The rise of the Tea Party, for instance, has forced many moderate Republican lawmakers to adopt a more right-wing stance on social issues like abortion and homosexuality. But this is actually nothing new – thirty years ago, the emergence of Evangelical Christians (as exemplified by Reverend Jerry Falwell and others) compelled Ronald Reagan to sound like a Bible-thumper – when he had never shown such religious zeal in his long political career in California.

Indeed, Reagan probably could not have won the 1980 election without the support of Christian Conservatives – and the GOP has been beholden to them ever since.

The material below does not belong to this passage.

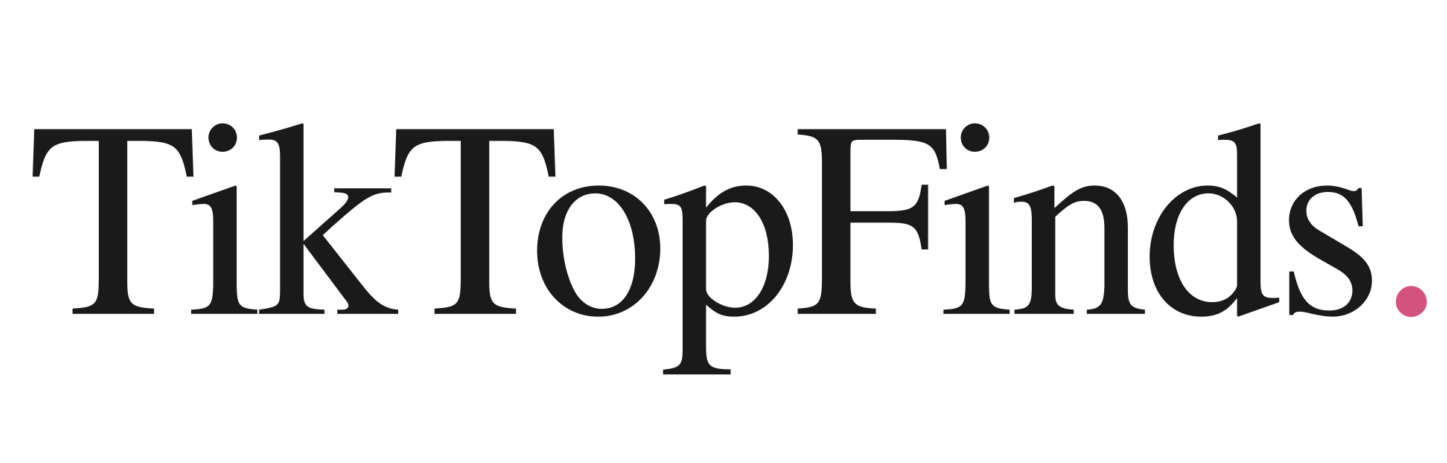 TikTopFinds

I know many Republicans who detest the Tea Party as well as the Evangelicals – they believe these groups have “hijacked” the party and will likely make it impossible for the GOP to attract a broad national constituency.

The classic Republican – who espoused low taxes, strong defense and limited government regulations – probably disappeared with Nelson Rockefeller and Barry Goldwater.

The GOP is in dire trouble – they have no one who can attract a large, national base of supporters, nor do they possess a cogent political platform.

As such, the 2012 election will be handed over to Barack Obama on a silver plate. Despite Obama's sinking popularity ratings and the disenchantment many of his supporters feel, these Democrat voters have no other choice but to vote for him. I doubt many of them will switch sides in the election.

The Republicans best hope is to sacrifice 2012 and wait until 2016 when a new generation of GOP luminaries emerge for possible candidacy -- including New Jersey governor Chris Christie and Louisiana governor Bobby Jindal.